[ABOUT THIS TASK]
Your copy should repeat each record below exactly and contain no images.

:: DATA RECORDS

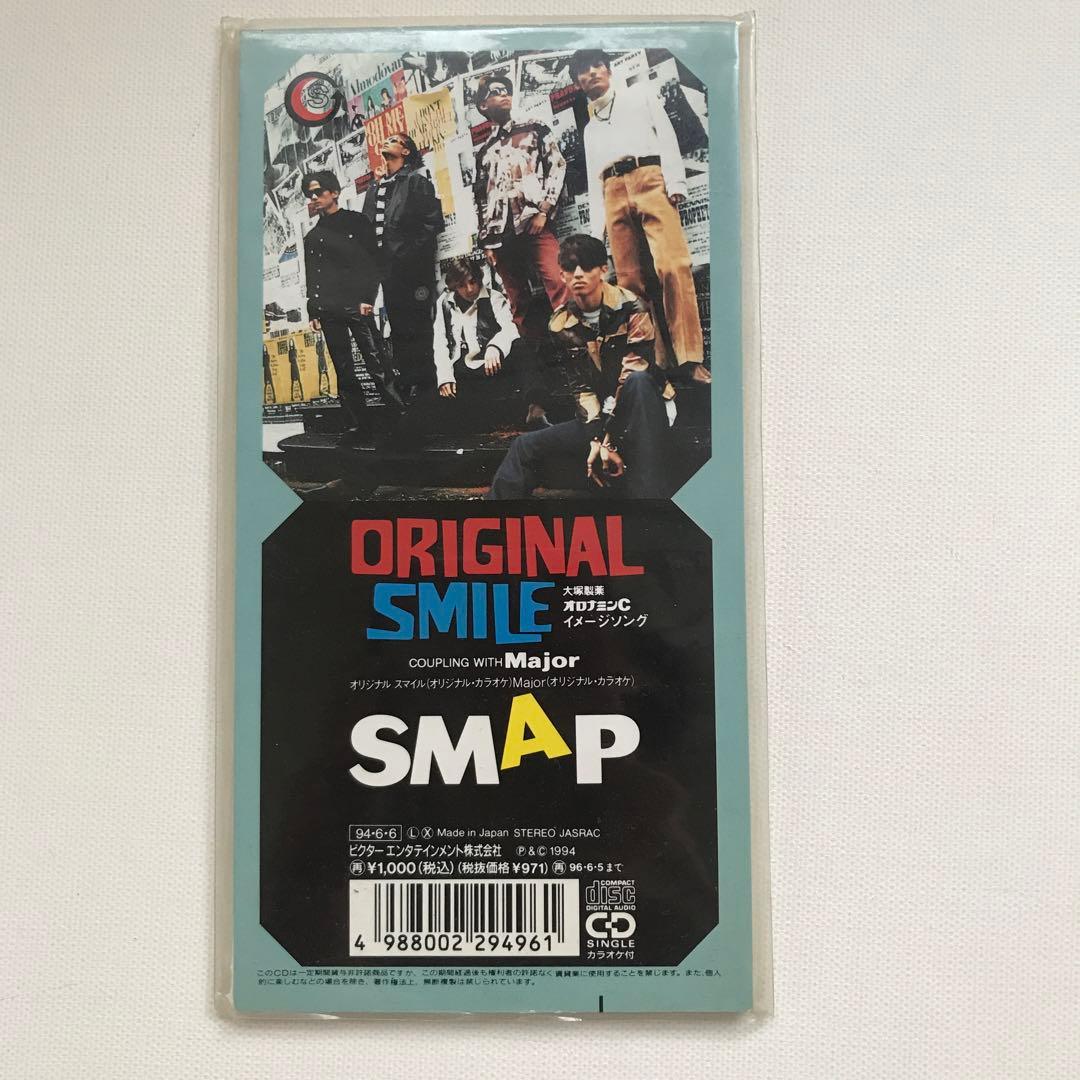 SMAP/オリジナル・スマイル木村拓哉中居正広稲垣吾郎草彅剛香取慎吾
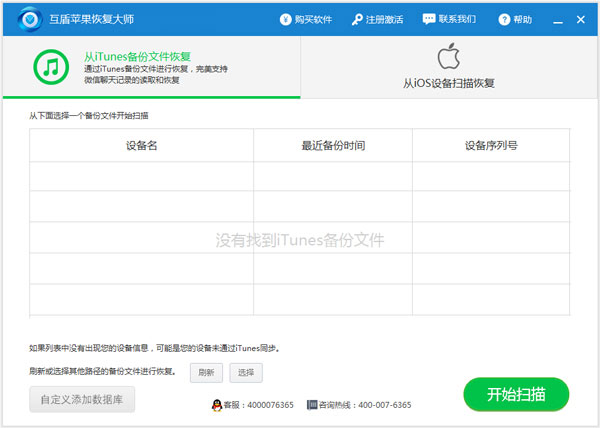 互盾苹果恢复大师 V2.0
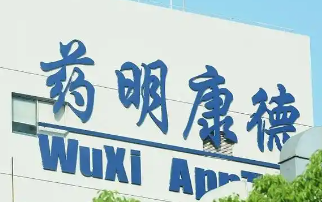 汉邦科技IPO上市 药明康德 持股市值2.45亿元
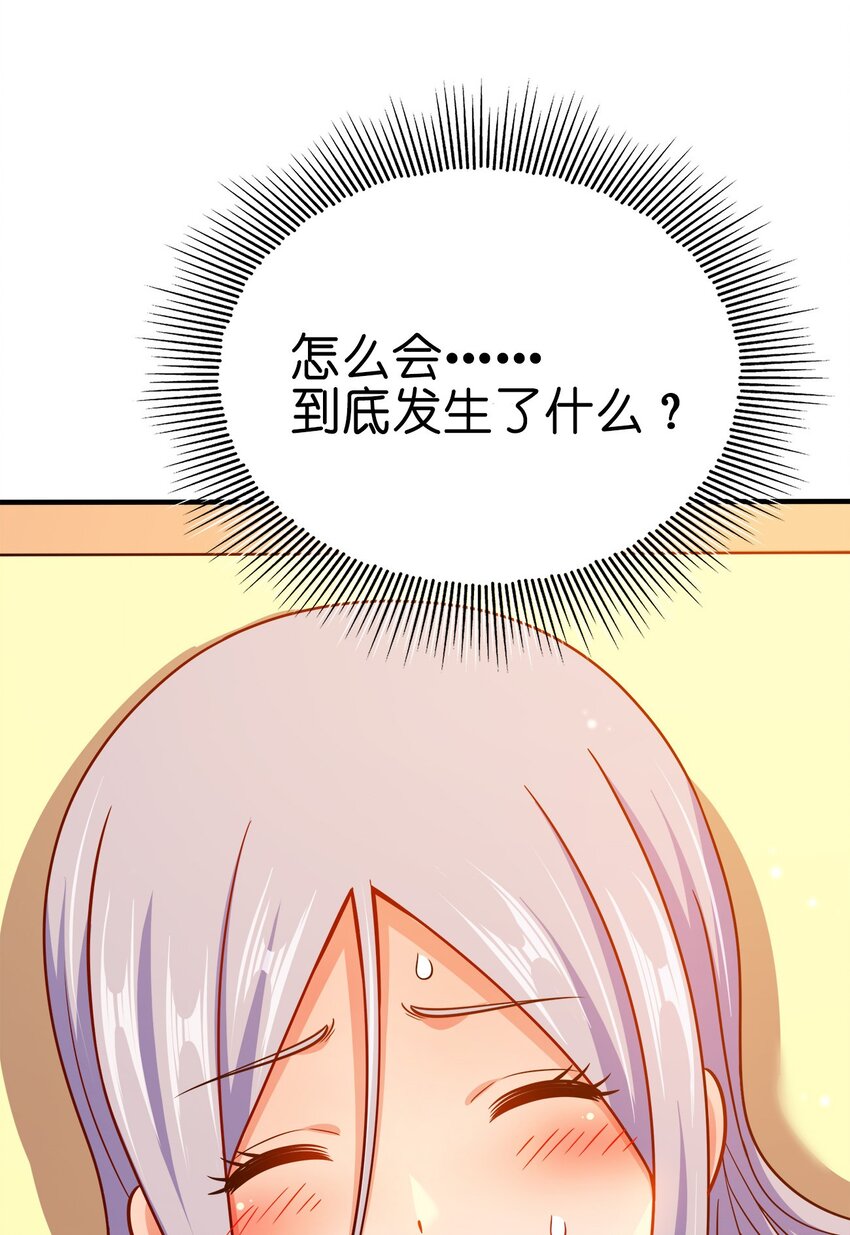 082 凶多吉少45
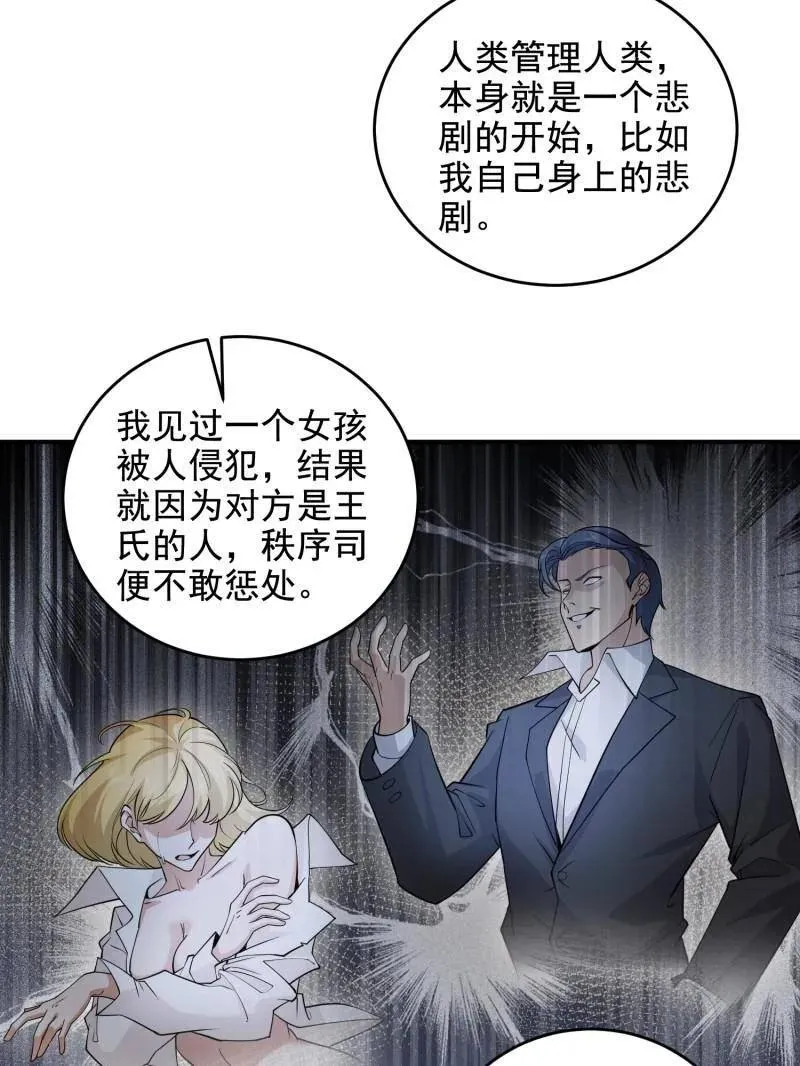 第406话 405 晚宴 第60页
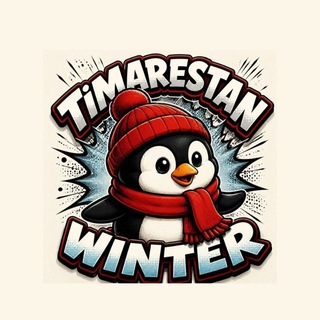 Telegram group profile photo for 🦫 تیمارستان وینتر 🫐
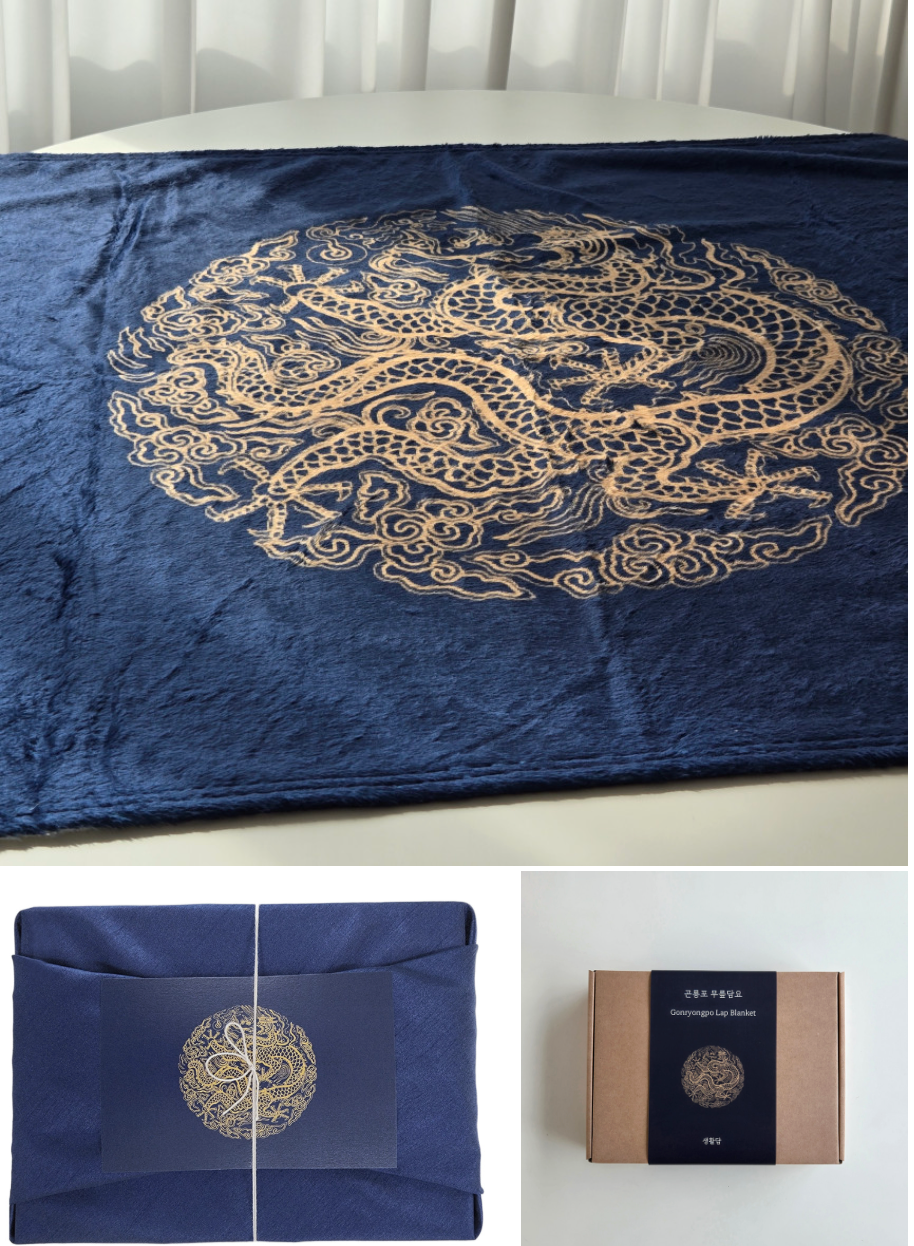 🇰🇷생활담 일월 오봉도 한국 전통 담요 · 국립중앙박물관 굿즈  Korean Traditional Blanket – National Museum of Korea Inspired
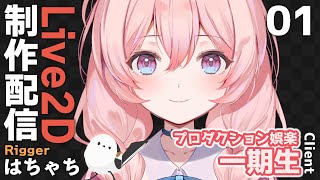#01【Live2Dモデリング】「娯楽」一期生 2人目 制作配信【はちゃち｜Live2D Designer】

::::

[EXERCISE RESPONSE]
 SMAP/オリジナル・スマイル木村拓哉中居正広稲垣吾郎草彅剛香取慎吾
 互盾苹果恢复大师 V2.0
 汉邦科技IPO上市 药明康德 持股市值2.45亿元
 082 凶多吉少45
 第406话 405 晚宴 第60页
 Telegram group profile photo for 🦫 تیمارستان وینتر 🫐
 🇰🇷생활담 일월 오봉도 한국 전통 담요 · 국립중앙박물관 굿즈  Korean Traditional Blanket – National Museum of Korea Inspired
#01【Live2Dモデリング】「娯楽」一期生 2人目 制作配信【はちゃち｜Live2D Designer】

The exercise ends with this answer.